- [Exercise instructions]:
What you return should match every record exactly, with the images removed.
#### Working data
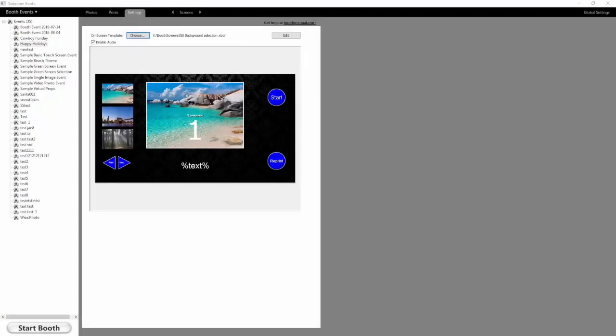Wanted to make a real quick video on how to update the green screen selection templates — the screen template and the print template. This is something I get questioned about quite a bit.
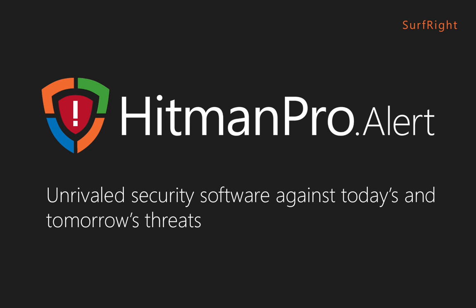In this video I will show just some of the many unique features that make Hitman Pro Alert stand out above other security software.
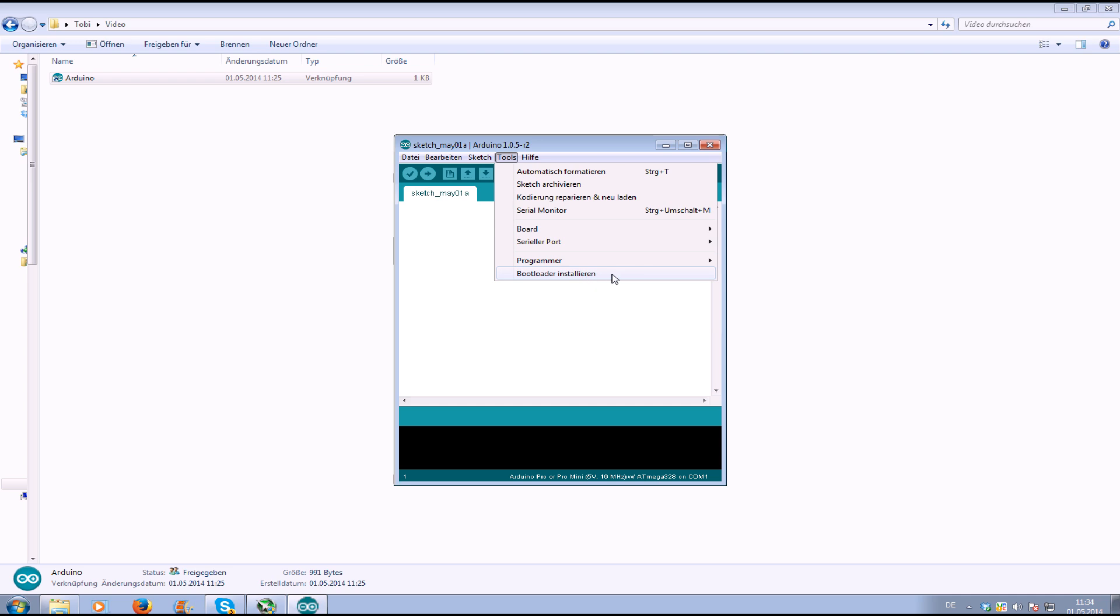And then you click, here it is in German, you will have that in English, on install bootloader.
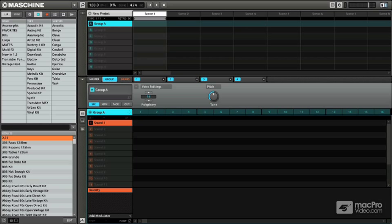Alright, so we've gone through the hardware interface, the software interface, let's actually start making some music with Maschine.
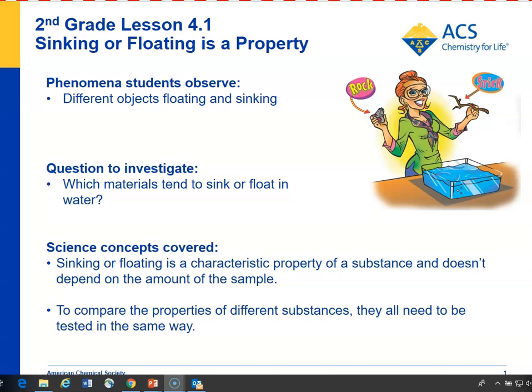In Lesson 4.1, students will continue investigating the properties of objects and materials. You can show them a stone and a stick, and students will of course be able to predict that the stone sinks and the stick floats. But after showing them that, you can ask whether other objects made out of substances similar to stone, like brick or cement, will also sink, and students will probably say yes, because sinking is a characteristic property of those kinds of stone-like materials.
########
- [Result of this exercise]:
Wanted to make a real quick video on how to update the green screen selection templates — the screen template and the print template. This is something I get questioned about quite a bit.
In this video I will show just some of the many unique features that make Hitman Pro Alert stand out above other security software.
And then you click, here it is in German, you will have that in English, on install bootloader.
Alright, so we've gone through the hardware interface, the software interface, let's actually start making some music with Maschine.
In Lesson 4.1, students will continue investigating the properties of objects and materials. You can show them a stone and a stick, and students will of course be able to predict that the stone sinks and the stick floats. But after showing them that, you can ask whether other objects made out of substances similar to stone, like brick or cement, will also sink, and students will probably say yes, because sinking is a characteristic property of those kinds of stone-like materials.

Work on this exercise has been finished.